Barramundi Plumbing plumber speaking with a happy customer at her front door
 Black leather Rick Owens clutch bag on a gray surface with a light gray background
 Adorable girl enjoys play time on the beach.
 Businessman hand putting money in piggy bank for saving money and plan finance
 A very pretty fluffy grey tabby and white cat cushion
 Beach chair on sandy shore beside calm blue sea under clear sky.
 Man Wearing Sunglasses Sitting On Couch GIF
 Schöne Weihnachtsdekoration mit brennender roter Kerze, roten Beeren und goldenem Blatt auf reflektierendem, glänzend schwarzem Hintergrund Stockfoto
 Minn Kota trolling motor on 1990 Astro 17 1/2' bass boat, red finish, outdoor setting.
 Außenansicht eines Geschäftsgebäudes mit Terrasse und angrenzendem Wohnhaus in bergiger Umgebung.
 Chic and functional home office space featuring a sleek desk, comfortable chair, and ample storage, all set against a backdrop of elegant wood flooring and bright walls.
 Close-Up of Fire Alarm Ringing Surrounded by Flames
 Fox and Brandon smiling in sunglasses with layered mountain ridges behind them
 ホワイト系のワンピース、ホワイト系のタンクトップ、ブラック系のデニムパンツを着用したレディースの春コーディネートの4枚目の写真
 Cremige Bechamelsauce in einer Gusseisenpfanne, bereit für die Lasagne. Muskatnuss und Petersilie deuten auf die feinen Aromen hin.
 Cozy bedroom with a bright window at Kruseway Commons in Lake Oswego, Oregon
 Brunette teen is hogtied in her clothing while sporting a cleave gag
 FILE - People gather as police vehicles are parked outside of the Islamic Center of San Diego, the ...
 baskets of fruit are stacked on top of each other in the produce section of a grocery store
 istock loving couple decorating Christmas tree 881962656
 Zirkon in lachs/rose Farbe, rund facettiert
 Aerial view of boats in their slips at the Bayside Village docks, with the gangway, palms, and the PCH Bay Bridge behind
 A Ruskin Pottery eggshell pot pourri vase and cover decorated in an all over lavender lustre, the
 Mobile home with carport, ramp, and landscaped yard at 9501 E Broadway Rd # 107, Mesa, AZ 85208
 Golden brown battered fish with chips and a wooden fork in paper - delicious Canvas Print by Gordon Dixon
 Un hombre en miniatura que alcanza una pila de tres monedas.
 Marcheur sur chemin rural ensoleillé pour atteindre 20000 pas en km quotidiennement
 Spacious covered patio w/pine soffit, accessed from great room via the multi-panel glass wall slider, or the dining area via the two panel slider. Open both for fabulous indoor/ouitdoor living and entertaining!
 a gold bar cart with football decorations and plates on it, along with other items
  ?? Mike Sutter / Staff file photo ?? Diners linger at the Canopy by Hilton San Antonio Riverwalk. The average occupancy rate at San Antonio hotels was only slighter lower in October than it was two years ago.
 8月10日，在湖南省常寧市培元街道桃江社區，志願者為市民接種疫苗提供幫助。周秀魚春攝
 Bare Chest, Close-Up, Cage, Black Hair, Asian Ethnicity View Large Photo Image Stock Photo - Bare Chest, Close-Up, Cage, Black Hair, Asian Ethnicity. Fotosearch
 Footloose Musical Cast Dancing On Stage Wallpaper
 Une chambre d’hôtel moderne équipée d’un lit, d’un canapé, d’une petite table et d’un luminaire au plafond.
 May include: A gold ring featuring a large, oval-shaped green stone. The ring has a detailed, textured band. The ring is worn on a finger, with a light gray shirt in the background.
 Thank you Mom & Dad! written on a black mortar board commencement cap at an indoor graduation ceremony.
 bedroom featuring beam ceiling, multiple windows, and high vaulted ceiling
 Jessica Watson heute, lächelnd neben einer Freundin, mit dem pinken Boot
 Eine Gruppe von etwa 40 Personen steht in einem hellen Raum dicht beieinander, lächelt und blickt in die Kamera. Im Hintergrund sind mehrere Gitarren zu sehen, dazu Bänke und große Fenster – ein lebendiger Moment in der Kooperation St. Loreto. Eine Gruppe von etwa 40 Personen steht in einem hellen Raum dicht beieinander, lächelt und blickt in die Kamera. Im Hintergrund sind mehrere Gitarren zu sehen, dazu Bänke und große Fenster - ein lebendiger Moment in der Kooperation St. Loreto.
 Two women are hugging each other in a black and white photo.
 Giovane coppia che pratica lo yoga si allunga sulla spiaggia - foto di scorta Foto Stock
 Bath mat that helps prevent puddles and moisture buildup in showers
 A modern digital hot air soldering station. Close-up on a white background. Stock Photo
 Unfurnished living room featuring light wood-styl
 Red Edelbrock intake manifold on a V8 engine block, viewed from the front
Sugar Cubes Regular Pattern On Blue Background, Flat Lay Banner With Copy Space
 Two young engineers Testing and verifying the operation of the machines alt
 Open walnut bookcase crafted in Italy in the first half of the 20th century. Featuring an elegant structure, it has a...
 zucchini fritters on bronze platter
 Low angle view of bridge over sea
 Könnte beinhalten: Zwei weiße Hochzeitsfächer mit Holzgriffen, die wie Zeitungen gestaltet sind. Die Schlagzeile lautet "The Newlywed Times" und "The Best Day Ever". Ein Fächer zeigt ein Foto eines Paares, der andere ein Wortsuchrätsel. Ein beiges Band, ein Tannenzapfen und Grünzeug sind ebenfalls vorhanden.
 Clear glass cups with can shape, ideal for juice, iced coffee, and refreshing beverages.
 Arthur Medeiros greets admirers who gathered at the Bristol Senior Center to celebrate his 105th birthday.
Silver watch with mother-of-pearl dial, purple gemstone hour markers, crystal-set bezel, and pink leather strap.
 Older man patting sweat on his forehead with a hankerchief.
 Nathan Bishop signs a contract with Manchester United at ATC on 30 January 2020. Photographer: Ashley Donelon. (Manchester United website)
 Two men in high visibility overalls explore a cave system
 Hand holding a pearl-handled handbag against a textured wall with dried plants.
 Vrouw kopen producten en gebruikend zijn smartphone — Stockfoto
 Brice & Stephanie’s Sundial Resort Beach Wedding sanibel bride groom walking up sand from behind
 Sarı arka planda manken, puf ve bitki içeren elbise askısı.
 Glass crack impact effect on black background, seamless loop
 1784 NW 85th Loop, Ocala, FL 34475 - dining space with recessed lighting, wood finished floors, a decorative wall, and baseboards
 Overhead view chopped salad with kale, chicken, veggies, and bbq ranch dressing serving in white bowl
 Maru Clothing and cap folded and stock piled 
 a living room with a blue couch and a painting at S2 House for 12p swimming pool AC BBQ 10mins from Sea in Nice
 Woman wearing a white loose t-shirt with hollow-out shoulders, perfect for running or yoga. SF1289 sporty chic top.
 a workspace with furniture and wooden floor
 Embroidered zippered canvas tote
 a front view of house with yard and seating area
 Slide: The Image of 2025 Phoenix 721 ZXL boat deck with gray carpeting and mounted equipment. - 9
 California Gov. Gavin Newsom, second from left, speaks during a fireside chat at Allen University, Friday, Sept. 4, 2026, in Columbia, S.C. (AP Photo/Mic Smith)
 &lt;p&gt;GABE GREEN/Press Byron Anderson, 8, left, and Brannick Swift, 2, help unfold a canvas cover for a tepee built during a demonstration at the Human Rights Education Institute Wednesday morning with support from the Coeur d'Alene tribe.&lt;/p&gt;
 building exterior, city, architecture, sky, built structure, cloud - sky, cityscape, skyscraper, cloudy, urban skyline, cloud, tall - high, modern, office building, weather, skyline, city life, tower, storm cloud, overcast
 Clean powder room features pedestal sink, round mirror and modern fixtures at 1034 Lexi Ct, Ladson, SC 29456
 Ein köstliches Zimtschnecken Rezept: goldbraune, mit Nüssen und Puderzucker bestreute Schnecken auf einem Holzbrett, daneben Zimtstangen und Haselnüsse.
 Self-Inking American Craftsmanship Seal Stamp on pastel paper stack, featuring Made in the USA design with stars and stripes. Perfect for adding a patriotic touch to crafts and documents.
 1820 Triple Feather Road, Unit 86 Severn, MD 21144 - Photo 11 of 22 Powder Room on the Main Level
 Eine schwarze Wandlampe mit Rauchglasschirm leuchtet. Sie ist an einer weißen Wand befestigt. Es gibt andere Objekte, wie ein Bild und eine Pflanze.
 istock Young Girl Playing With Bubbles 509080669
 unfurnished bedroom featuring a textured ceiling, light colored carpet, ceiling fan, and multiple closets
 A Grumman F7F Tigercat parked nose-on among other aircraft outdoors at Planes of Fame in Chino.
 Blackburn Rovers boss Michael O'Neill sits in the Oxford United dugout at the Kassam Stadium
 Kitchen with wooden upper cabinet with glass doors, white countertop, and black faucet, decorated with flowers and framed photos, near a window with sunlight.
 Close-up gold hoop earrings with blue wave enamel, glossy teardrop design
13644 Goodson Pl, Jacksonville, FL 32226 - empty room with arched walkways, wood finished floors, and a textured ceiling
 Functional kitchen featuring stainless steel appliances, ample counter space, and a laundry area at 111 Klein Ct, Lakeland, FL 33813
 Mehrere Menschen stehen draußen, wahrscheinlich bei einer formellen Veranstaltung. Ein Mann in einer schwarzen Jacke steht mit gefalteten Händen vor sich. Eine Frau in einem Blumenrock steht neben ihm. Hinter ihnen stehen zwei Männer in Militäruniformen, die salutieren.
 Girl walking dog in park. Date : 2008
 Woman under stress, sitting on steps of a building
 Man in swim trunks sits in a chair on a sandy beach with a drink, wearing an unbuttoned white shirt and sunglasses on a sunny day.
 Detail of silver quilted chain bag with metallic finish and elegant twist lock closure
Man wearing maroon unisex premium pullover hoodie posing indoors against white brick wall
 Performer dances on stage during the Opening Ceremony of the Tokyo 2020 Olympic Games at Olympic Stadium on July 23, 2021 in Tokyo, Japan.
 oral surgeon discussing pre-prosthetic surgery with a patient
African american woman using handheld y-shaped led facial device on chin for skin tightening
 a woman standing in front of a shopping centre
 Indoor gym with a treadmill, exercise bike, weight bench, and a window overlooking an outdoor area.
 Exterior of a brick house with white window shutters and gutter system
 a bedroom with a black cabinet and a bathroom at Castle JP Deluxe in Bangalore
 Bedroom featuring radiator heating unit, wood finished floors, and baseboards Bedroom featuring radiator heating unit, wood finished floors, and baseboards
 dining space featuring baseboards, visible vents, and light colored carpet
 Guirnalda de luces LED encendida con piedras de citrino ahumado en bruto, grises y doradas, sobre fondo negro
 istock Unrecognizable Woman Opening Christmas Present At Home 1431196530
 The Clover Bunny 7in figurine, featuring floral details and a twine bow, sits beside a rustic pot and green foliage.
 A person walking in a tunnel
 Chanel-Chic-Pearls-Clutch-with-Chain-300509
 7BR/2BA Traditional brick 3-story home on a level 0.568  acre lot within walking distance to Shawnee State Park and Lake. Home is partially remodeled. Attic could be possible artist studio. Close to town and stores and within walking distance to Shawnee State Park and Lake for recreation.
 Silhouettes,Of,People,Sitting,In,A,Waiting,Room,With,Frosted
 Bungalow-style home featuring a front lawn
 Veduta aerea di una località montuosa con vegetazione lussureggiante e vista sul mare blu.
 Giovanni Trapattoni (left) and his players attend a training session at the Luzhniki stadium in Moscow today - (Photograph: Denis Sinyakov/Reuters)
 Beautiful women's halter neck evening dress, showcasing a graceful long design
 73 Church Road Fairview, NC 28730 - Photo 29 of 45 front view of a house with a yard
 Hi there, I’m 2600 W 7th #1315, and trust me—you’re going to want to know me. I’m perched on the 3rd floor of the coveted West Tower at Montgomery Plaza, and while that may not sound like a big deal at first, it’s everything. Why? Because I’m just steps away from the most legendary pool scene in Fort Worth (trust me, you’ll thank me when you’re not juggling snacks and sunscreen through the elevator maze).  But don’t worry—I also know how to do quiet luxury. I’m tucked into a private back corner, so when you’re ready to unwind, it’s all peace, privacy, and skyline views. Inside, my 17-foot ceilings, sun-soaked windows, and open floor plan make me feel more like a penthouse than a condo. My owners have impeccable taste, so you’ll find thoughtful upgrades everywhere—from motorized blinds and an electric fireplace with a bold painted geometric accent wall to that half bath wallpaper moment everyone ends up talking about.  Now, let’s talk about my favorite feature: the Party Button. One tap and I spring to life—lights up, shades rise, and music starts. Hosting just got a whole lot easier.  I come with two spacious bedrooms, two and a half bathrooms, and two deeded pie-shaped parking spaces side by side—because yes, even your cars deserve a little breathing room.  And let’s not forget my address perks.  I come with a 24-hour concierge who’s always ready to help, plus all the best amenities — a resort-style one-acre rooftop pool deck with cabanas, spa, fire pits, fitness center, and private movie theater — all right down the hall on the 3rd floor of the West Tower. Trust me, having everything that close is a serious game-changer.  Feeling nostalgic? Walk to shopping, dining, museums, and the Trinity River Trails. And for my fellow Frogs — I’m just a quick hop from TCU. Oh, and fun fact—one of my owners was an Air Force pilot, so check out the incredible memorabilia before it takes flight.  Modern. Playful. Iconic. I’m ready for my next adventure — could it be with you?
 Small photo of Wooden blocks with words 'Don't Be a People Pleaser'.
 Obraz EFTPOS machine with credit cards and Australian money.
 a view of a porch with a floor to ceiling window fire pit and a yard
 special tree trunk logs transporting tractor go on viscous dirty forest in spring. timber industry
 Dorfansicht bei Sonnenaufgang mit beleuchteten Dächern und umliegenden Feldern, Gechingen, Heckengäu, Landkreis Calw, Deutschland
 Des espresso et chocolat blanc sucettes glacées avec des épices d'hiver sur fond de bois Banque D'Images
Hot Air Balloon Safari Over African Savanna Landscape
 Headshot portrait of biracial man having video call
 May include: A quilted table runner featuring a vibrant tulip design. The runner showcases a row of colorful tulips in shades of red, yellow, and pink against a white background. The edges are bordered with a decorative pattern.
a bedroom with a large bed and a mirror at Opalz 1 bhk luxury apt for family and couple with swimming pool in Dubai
=-=-=-=-=
● **PROBLEM DESCRIPTION**
Everything from the line with "Hand holding a" through the line with "a living room" in the listing above must be retyped exactly, with nothing added.

● **OUTPUT FOR THIS EXERCISE**
 Hand holding a pearl-handled handbag against a textured wall with dried plants.
 Vrouw kopen producten en gebruikend zijn smartphone — Stockfoto
 Brice & Stephanie’s Sundial Resort Beach Wedding sanibel bride groom walking up sand from behind
 Sarı arka planda manken, puf ve bitki içeren elbise askısı.
 Glass crack impact effect on black background, seamless loop
 1784 NW 85th Loop, Ocala, FL 34475 - dining space with recessed lighting, wood finished floors, a decorative wall, and baseboards
 Overhead view chopped salad with kale, chicken, veggies, and bbq ranch dressing serving in white bowl
 Maru Clothing and cap folded and stock piled 
 a living room with a blue couch and a painting at S2 House for 12p swimming pool AC BBQ 10mins from Sea in Nice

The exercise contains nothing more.